|"We had to bite our tongue," notes Supervisors' Chair Diacogiannis|
Sixteen townships and boroughs, along with a school district, eventually joined this litigation.
State legislators listened, and on June 30, amended the NIZ law to remove language that authorized an EIT tax grab. They also expanded the definition of a Neighborhood Improvement Zone so that it could conceivably apply to other municipalities.
Following an executive session before their July 24 meeting, Supervisors unanimously voted to authorize Solicitor Jim Broughal to terminate the challenge when he determines it is in the best interest of the Township and its residents.
After filing this suit, both Hanover and Bethlehem Townships were peppered with twenty-eight Right-to-Know requests filed by Allentown DCED Director Sara Hailstone. In addition, Morning Call columnist Bill White called township officials "smug" and "hypocrites."
"We had to bite our tongue and just take it," remarked Supervisors' Chair John Diacogiannis. But after the vote, he spoke out. Instead of lashing out, he wished Allentown well on the "difficult challenge" of revitalization. He explained that the litigation was never aimed at the Allentown arena or even the NIZ, but at "ill-conceived legislation that took away a revenue stream for local municipalities and school districts. This loss of revenue over a 30 year period would have had significant impact on many of these entities."

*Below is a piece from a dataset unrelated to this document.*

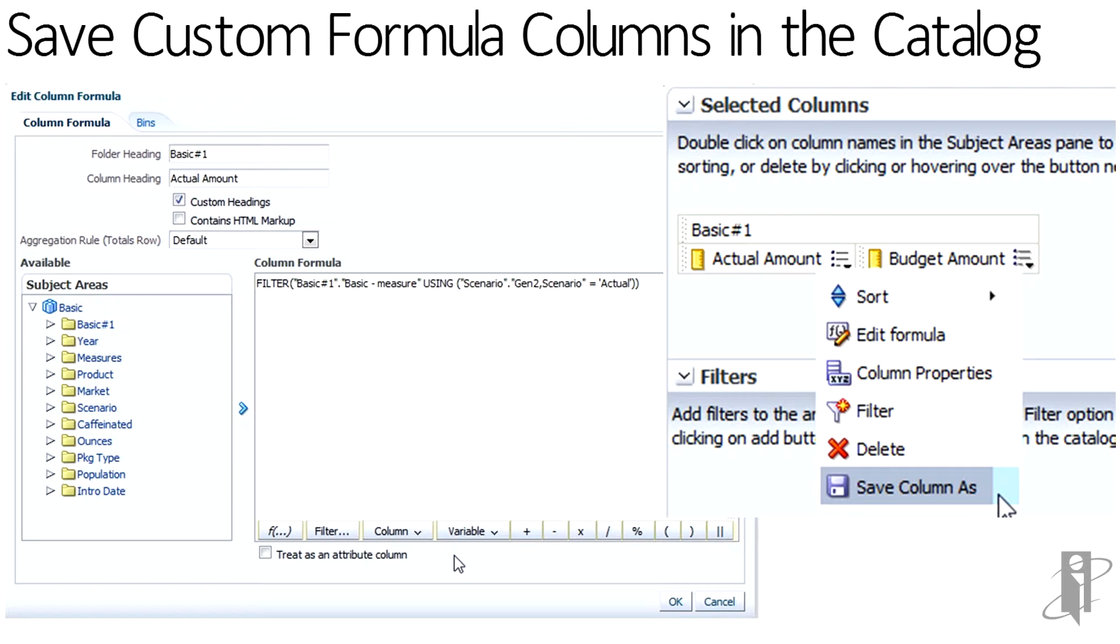So as you can see, I'm using an Essbase cube as my data source. I have the intersection and I want to focus in on the scenario being actual with my measure. So we're using the filter on. And once I have that column built, I can then come through and do the save column as. What this does is it puts it into the subject area contents within the catalog.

On July 16, Bethlehem Township authorized Solicitor Jim Broughal, who also represents Hanover, to withdraw the NIZ lawsuit at his discretion. Since that time, Palmer, Lower Nazareth, Upper Nazareth and Lower Saucon Townships have all voted to pull out
Chairman John Diacogiannis' complete statement:
I am pleased that we have been able to withdraw this lawsuit. This has been a very difficult time for all of us. As we have been saying over these many months, the issue was not about the Allentown arena, it was not about the Neighborhood Improvement Zone. It was certainly not about the City of Allentown and their respected efforts at revitalization. We continue to wish them well on these most difficult challenges For us, it was clearly about ill-conceived legislation that took away a revenue stream for local municipalities and school districts. This loss of revenue over a 30 year period would have had significant impact on many of these entities.
I am grateful to the legislature for understanding our pleas, recognizing the problem and for taking corrective action in the appropriate place - in the legislation. I would like to extend particular thanks to the Commissioners of Bethlehem Township for helping us initiate this important effort and to the other townships, boroughs, school district as PSATS for joining in the effort. Most importantly, I would like to thank our good citizens, who gave us overwhelming and unwavering support.